Billy Bob Thornton stars in the latest epic film to dramatize a 19th century American battle that became a rallying cry for the then-young United States. Alan Silverman has a look at The Alamo.

Almost 170 years ago some 200 men from a variety of backgrounds answered that challenge at an old Spanish mission fortified as a military outpost: The Alamo.

In 1836 Texas was not yet part of the United States, but a breakaway province of Mexico, populated by "Tejanos" and "Texians," an eclectic mix of native Mexicans and North American settlers. Opposing their bid to become an independent republic was Antonio Lopez de Santa Anna Perez de Lebron - known as Santa Anna - a general in Mexico's own war for independence a decade earlier and known for his military and political ruthlessness.

For 13 days, the handful of defenders squared off against a vastly superior Mexican Army, which finally attacked on March 6, 1836. After only 90 minutes all of the Texians were dead or captured and later executed; but their brave stand turned them into legends.
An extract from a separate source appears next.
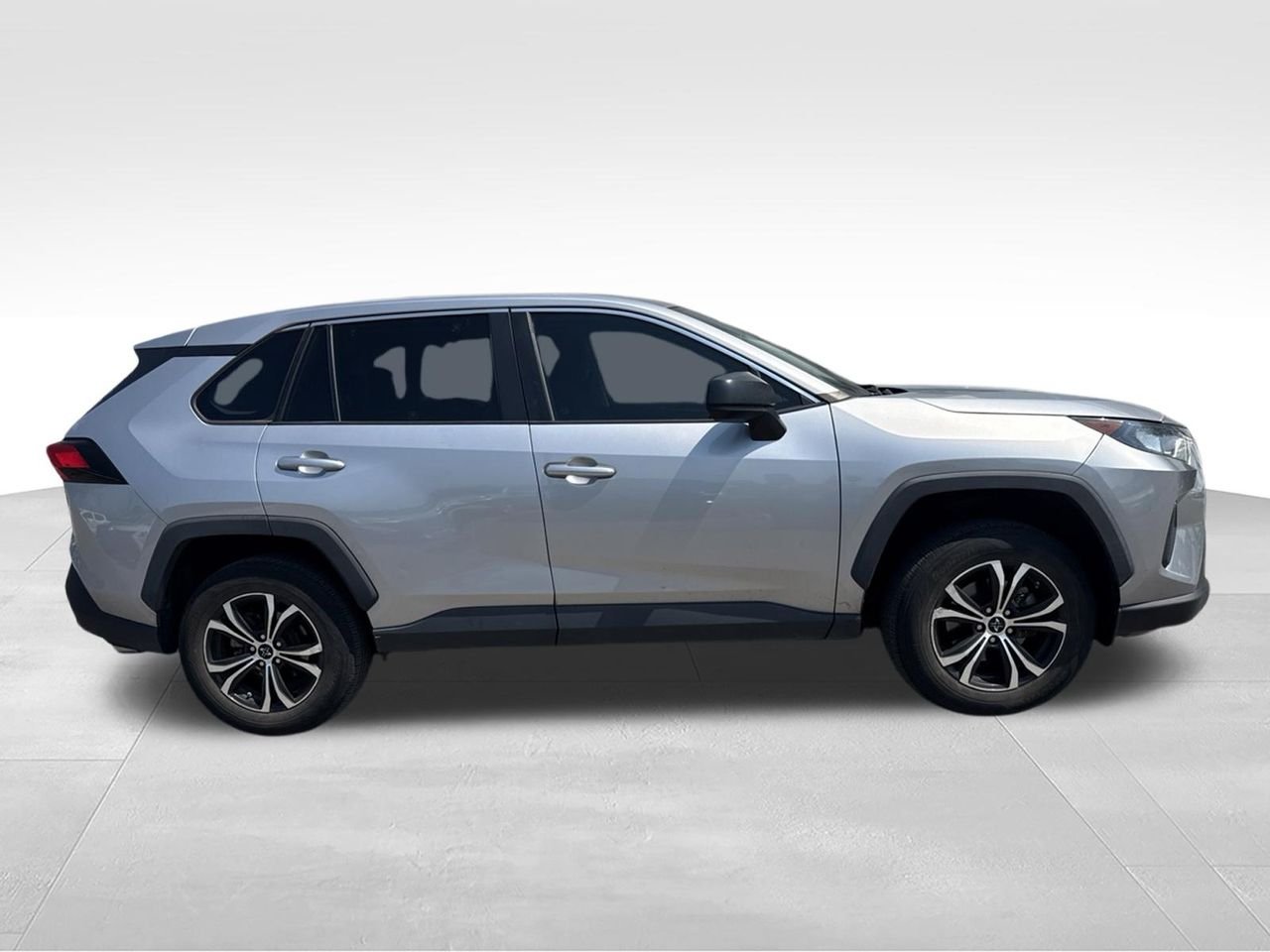 Used 2022 Silver Toyota LE image 4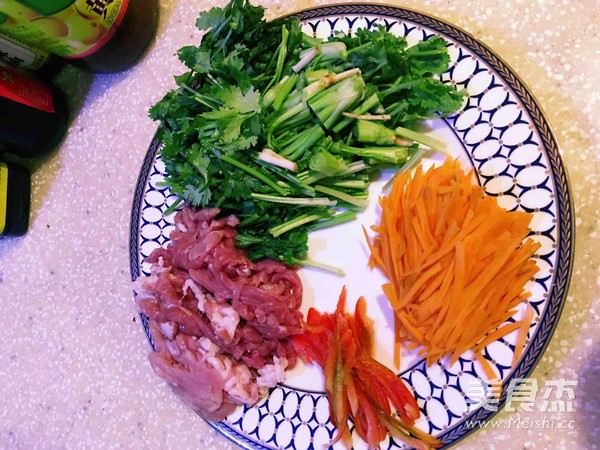 香菜爆肉丝的做法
Of course, one of them was already a legend when he arrived to join the defenders at The Alamo celebrated frontiersman and former U.S. congressman from Tennessee, Davy Crockett, played in the new film by Billy Bob Thornton.

"He perpetuated his own legend ... and at some point you have to live up to it," explains Thornton. "Really what I tried to do in this movie was to play him as a regular guy as opposed to the image we usually have the John Wayne sort of thing. He was just some guy who wanted to be a politician. He wanted to go to Texas because maybe he could be president; but he got there and thought 'oh, it's like this? So I really have to be Davy Crockett now.' I think that, more than anything, was why Davy Crockett was such a legend because he ultimately had to become that thing that had been told about him."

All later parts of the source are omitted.